Hi Gordon & Michael,
I have a few questions, hope you can help me!
1. While modeling, if we don’t have a very specific client requirement, at what accuracy should we usually stop? Should we stop at 75%, or 80%? Are there standard accuracy requirements based on the industry? For example, in drug research & development, model accuracy is required to be very high.
2. What is the best approach for selecting records/training dataset when the client doesn’t have info on the cut-off/valid ranges for certain numeric columns? If it’s something like Age, there is no problem. But when it’s client/business specific columns, it’s not that easy to figure out the valid ranges. What I usually do for such problems is – 1. do some research on the web to have an understanding on all the values that the specific column can take 2. see the data distribution of that column and select values based on the percentiles. E.g if values from 10 to 60 (for that column) represent 80% of all the records, I exclude all records having values outside this range. Is this a good approach? Are there other alternatives?
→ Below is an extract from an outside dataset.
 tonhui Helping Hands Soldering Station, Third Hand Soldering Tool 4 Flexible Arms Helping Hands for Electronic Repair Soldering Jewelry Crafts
3. Generally, I see model accuracy (predictive/risk/churn models) getting better when I recode/transform continuous variables into categorical variables through binning/grouping. But this also results in loss of information. How do we strike a balance here? I believe the business/domain should only decide whether I should use continuous or categorical values, and not the statistics. Is that correct?
Will check your blog regularly for the answersJ
These three questions have something in common: There is no single right answer since so much depends on the business context (in the first two cases) or the modeling context (in the third case).
My statement about no right answers is especially true of the question regarding accuracy. There are contexts where a 95% error rate is perfectly acceptable. I am thinking of response modeling for direct mail. If a model is used to choose people likely to respond to an offer and only 5% of those chosen actually respond, then the error rate is 95%. How could that be acceptable? Well, if a 4% response rate is required for profitability and the response rate for a randomly selected control group is 3% then the model--despite its apparently terrible error rate--has heroically turned a money-losing campaign into a profitable one. Success is measured in dollars (or rupees or yen, but you know what I mean) not by error rates.
In other contexts, much better accuracy is required. A model for credit-card fraud cannot afford a high false-positive rate because this will result in legitimate transactions not being approved. The result is unhappy card holders canceling their accounts. Even if your client cannot provide an explicit requirement for accuracy, you may be able to derive one from the business context.
Absent any other constraints, I tend to stop trying to improve a model when I reach the point of diminishing returns. When a large effort on my part yields only a minor improvement, my time will probably be better spent on some other problem.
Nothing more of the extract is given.